Analis Counterpoint, Ankit Malhotra, mencatat bahwa pertumbuhan Apple terjadi di tengah tantangan ekonomi makro yang terus meningkat. "Kinerja Apple di Q1 2025 menggarisbawahi kemampuan adaptasinya. Kemampuannya untuk menembus pasar non-inti dengan tetap mempertahankan daya tarik premium memberinya keunggulan yang unik," katanya.
Ketahanan Apple kontras dengan pasar yang lebih luas yang lesu, yang hanya mengalami pertumbuhan 3% dari tahun ke tahun di Q1. Kemampuan perusahaan untuk mempertahankan momentum melalui waktu peluncuran produk dan diversifikasi geografis telah menempatkannya di depan para pesaing seperti Samsung, yang mengikuti dengan pangsa 18% setelah peluncuran Galaxy S25 yang tertunda.
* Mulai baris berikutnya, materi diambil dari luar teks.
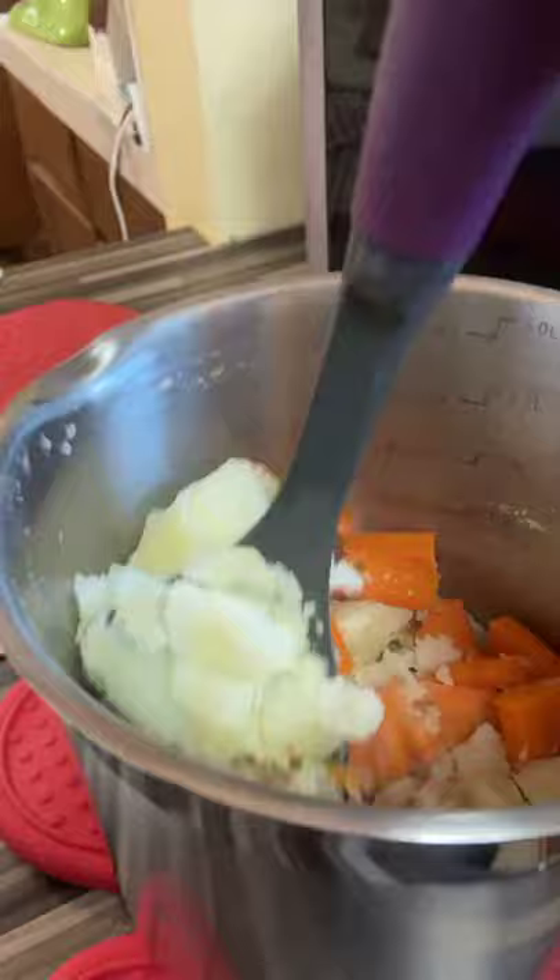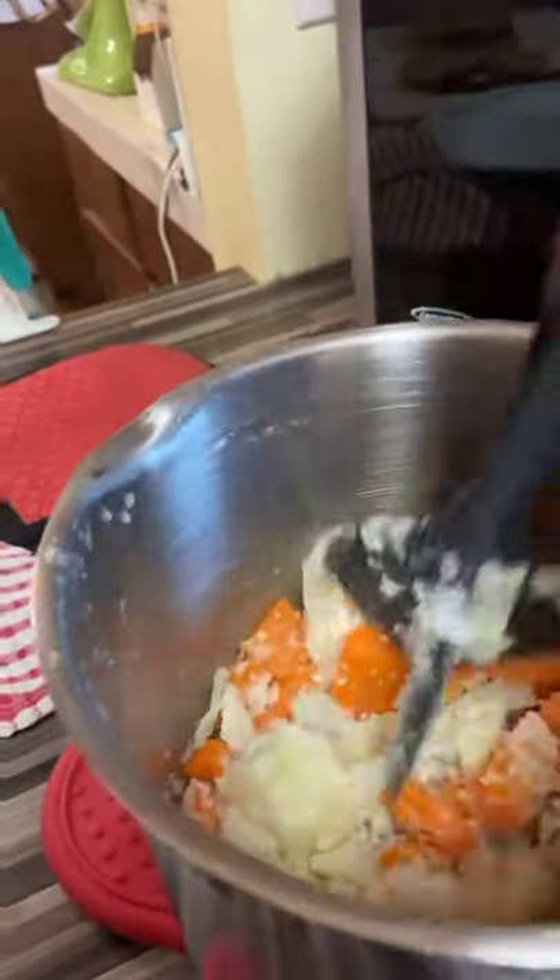Hey everybody, I thought I would do a really quick video to show off my ground meat separator — and it's not being used with meat. It is mashing up tonight's carrots and potatoes. I mash them together that way I don't eat as many potatoes at a time, but I still feel like I'm having a nice size serving.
Tantangan ke depan seiring dengan meredupnya prospek 2025
Terlepas dari awal yang kuat dari Apple, para analis memperingatkan akan adanya tahun yang penuh tantangan di masa mendatang. Kenaikan tarif, inflasi, dan ketidakpastian ekonomi global dapat mengurangi sentimen konsumen, terutama di AS, di mana pengeluaran diskresioner melambat. Counterpoint telah merevisi perkiraan setahun penuh, dan sekarang memperkirakan sedikit penurunan volume smartphone untuk tahun 2025.
Namun, strategi Apple untuk berekspansi di wilayah-wilayah berkembang dapat membantunya mengatasi penurunan lebih baik daripada para pesaing. Perusahaan ini terus berinvestasi besar-besaran dalam produksi lokal, infrastruktur purna jual, dan opsi pembiayaan di pasar-pasar utama seperti India, Afrika, dan Amerika Latin.
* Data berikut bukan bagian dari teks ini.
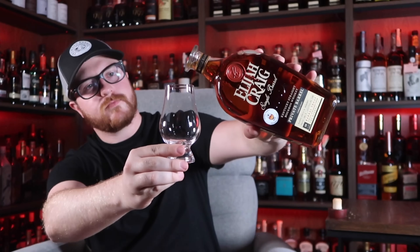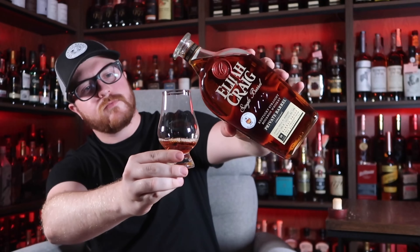Let's crack it open and see what it tastes like. On the nose, the proof really just stands out. The first thing I want to say is that the proof on the bottle does say it's 120.3 — I'm kind of confused by that. It does smell like it's around 134, maybe in that range. And when we did the pick, I believe it was between 128 to 132-ish.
"Kesuksesan jangka panjang Apple terletak pada kemampuannya untuk menyeimbangkan inovasi dengan aksesibilitas," tambah Malhotra. "Kinerja Q1-nya menunjukkan bahwa Apple bukan hanya sebuah merek premium lagi - ini adalah merek global."
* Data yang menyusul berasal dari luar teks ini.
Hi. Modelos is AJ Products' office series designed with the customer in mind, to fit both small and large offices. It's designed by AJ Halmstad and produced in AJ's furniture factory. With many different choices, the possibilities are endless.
Sementara industri lainnya menghadapi kemungkinan kontraksi, pijakan kuat Apple di pasar yang sedang berkembang dan popularitas iPhone 16e yang terus meningkat menempatkannya untuk tetap menjadi kekuatan dominan di smartphone global hingga tahun 2025.
Baru-baru ini kami menulis bahwa Apple membukukan hasil Q2 yang kuat, menghasilkan laba per saham sebesar $1,57 dan pendapatan sebesar $94,04 miliar, yang mencerminkan pertumbuhan dari tahun ke tahun dan menyoroti minat investor yang berkelanjutan.